(DATASET CONTENT begins)

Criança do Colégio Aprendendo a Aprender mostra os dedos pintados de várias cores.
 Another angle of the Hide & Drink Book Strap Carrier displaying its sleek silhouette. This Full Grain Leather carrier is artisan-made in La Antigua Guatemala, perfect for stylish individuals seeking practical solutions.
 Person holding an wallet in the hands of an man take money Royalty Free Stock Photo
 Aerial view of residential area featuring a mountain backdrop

(DATASET CONTENT ends)

WORK REQUEST
Exactly reproduce the material above.

FINAL ANSWER
Criança do Colégio Aprendendo a Aprender mostra os dedos pintados de várias cores.
 Another angle of the Hide & Drink Book Strap Carrier displaying its sleek silhouette. This Full Grain Leather carrier is artisan-made in La Antigua Guatemala, perfect for stylish individuals seeking practical solutions.
 Person holding an wallet in the hands of an man take money Royalty Free Stock Photo
 Aerial view of residential area featuring a mountain backdrop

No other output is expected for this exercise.